フォートナム&メイソンのロイヤルブレンド。
姉さんの常備薬みたいな紅茶。
ここまで、されるって、姉さんはいったいここでいくら使ってるんだろう?
「直也!! さやかちゃんのサイズは?」
「……。知らない」
「何ですって?」
「知らないんだ。指輪にサイズがあるって今気がついたくらい」
お茶をだしてくれた店員のお姉さんの笑顔が引きつった。
それに構わず僕はお姉さんに質問をした。
「あの、指輪のサイズってどうやってはかるんですか?」
お姉さんは、スーツのポケットから、指輪の様なものが、たくさんついた輪っかの鍵の束みたいな物を出した。
「店頭ではこれで、はからせていただいております。

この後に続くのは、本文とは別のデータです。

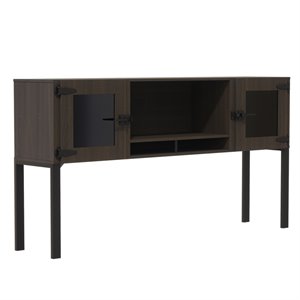 Mirella 72&quot Hutch with Glass Doors in Southern Tobacco
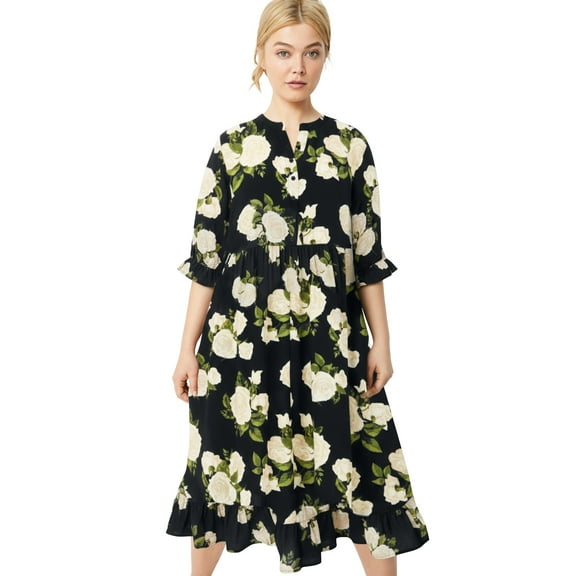 ellos Plus Size Ruffled Empire Dress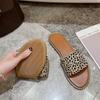 Large Women's Shoes 2024 Summer Flat Heel Slippers Fashion Leopard Print Indoor Slippers Women's Beach Shoes Pantuflas De Mujer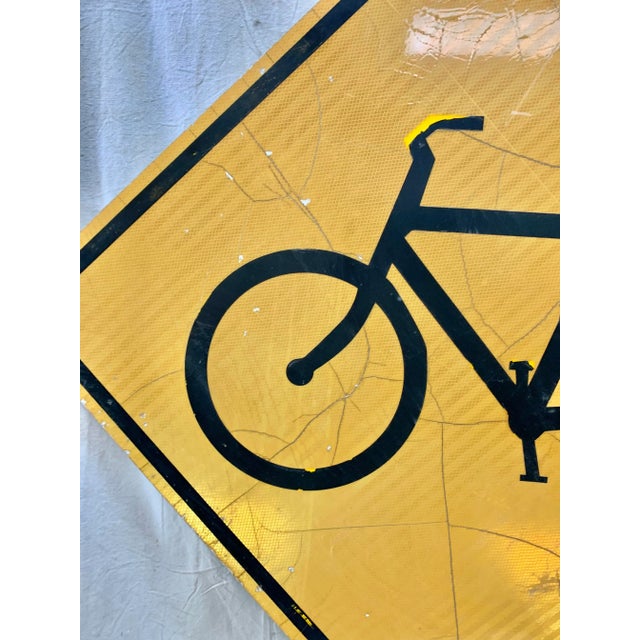 Late 20th Century Vintage Reflective Bicycle Road Sign For Sale - Image 5 of 12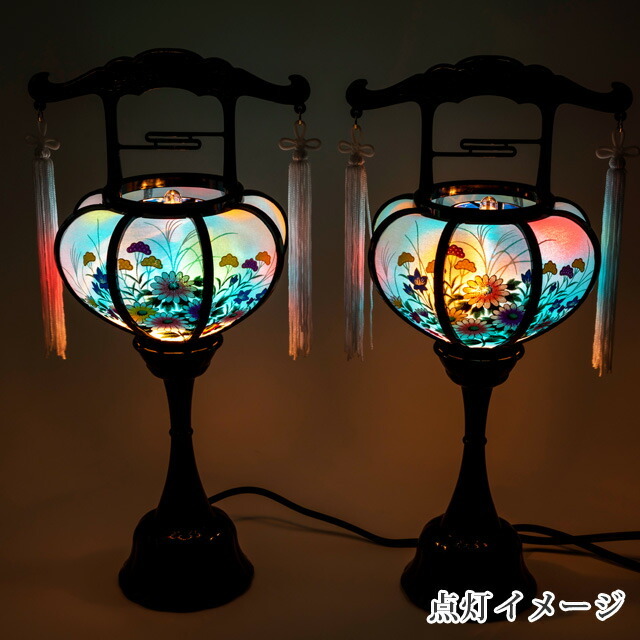 盆提灯【初盆・新盆セットH（ 白紋天・霊前灯・お盆飾り5点セット 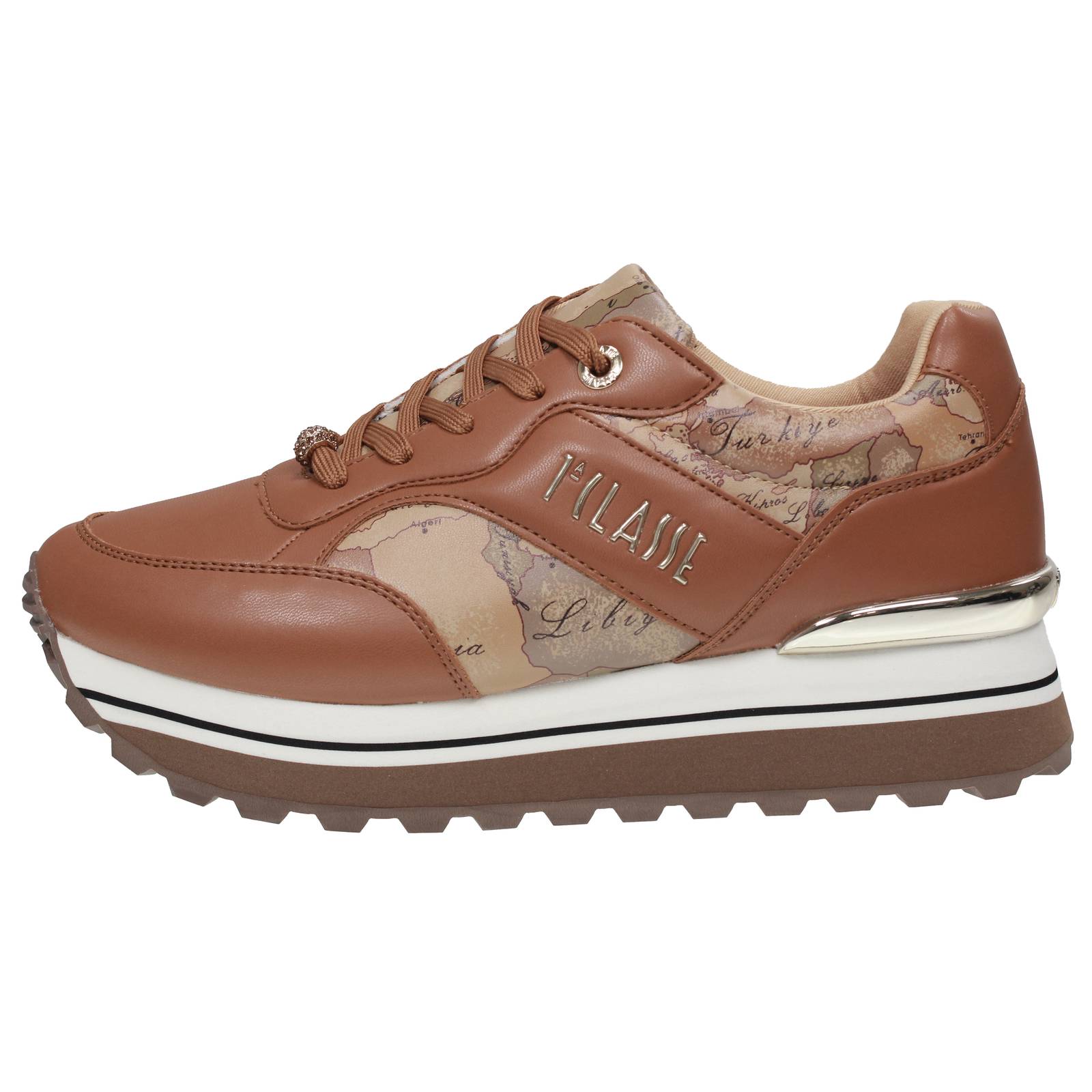 ALVIERO MARTINI Wendy - Sneakers platform con stampa geo Donna marrone Foto 3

リングサイズゲージと言うものなんですが」
「直也! あんたまさか、さやかちゃんに今まで一度もプレゼントした事ないわけ?!」
「プレゼントは何回かした事あるけど……」
さやちゃんがプレゼントして欲しいっていう物……。
一番最近だとクリスマスに欲しいって言われた『銀河英雄伝説』のスペシャル特典つき、DVDBOXだった。
「やっぱ直ちゃんはヤン様に似てるの。もうヤン様カッコよすぎ」
僕は別にヤン・ウェンリーには少しも似てないけど、さやちゃんがそう言うのが嬉しかった。
「貴金属的な物は一度もないんだ。あの、そのサイズはかるヤツって貸して貰えませんか。必ず返しますし、指輪もここで買いますから」
イレギュラーすぎる注文の筈なのに、店員のお姉さんは、こころよく貸してくれた。